Jussi Karlgren answers audience questions about natural language understanding and computational linguistics during a Coffee with Clusterone webinar session.

Jussi Karlgren is the co-founder of the text analysis company Gavagai. He holds a Ph.D. in computational linguistics from Stockholm University and is an Adjunct Professor of Language Technology at KTH.

In our Coffee with Clusterone webinar, Jussi discussed some of the fundamental ideas behind Natural Language Understanding and computational linguistics. As a hands-on demo, he presented how to build a learning lexicon from streaming text.

This interview is based on audience questions that came up during the webinar session. You can watch the video of the webinar below. To access the slides, see our webinar page.

Q: When training a model, does it matter in which order I present new words to the model (e.g simpler, more common words first, then more complex ones)?

Jussi: Generally, you would end up with the same space. What differs in the representation from word to word is the context they appear in and the relative weight or importance attached to them.

This weighting typically is a one-off thing based on previous knowledge of the language.

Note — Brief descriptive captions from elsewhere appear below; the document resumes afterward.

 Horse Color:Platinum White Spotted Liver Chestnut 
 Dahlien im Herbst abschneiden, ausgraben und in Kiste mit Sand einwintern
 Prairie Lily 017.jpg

In this case order does not matter at all. In our model and in some other streaming implementations, this weighting is learned as one goes along, and then a word that is very frequent in the beginning of the training might end up with a lower weight than it should have.

This means that it probably is a good idea to begin training your system using a standard outtake of news or a sample of social media text to get the basic statistics in place. After that, you can add your own specialized vocabulary on top of that. But mostly, it works itself out to the same thing in the end.

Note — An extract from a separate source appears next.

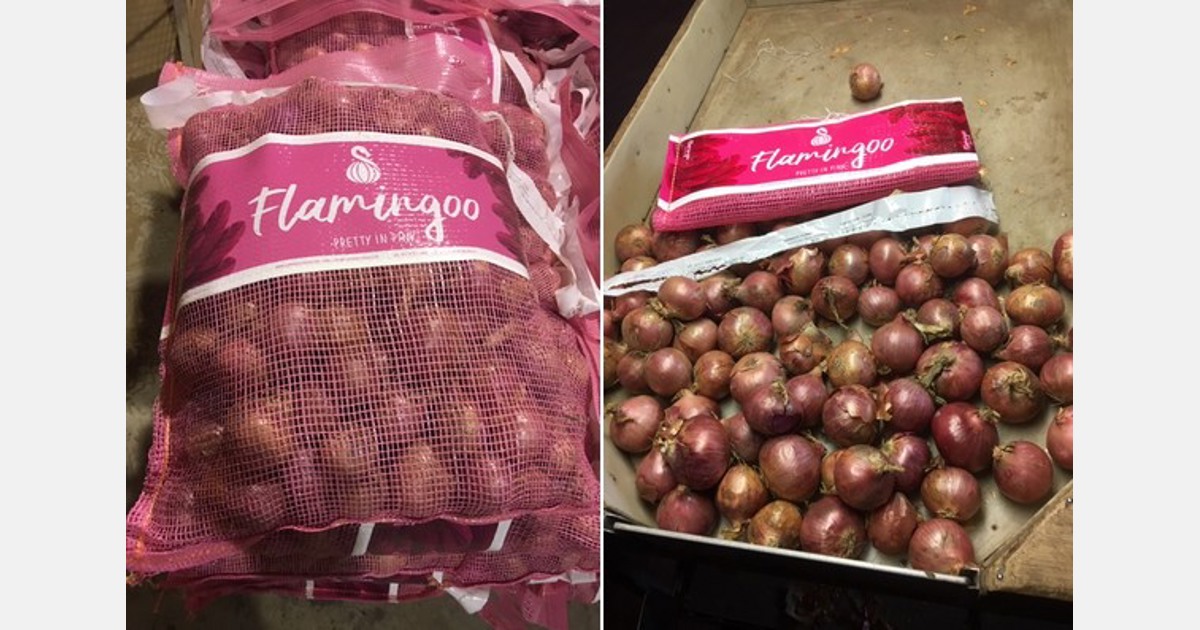 Fresh Pink Onion Manufacturer,Fresh Pink Onion Exporter from
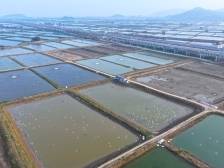 邮储银行肇庆市分行：政银企精准对接，赋能水产养殖业再攀高峰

In general, language is surprisingly robust in this respect. The basics of a language are similar no matter the topic, genre, or style. This, by the way, is true for all human languages. We have found that our models perform more or less the same on any human language we’ve used it on.

Q: How can we handle class imbalance in text classification tasks?

Jussi: Class imbalance can happen either on a word level --- certain words are very frequent and less informative than others --- or on a text category level, where certain classes of text are less frequent than others.

The former is addressed by a weighting scheme of some sort (see above); the latter is a general challenge for learning categorisation schemes.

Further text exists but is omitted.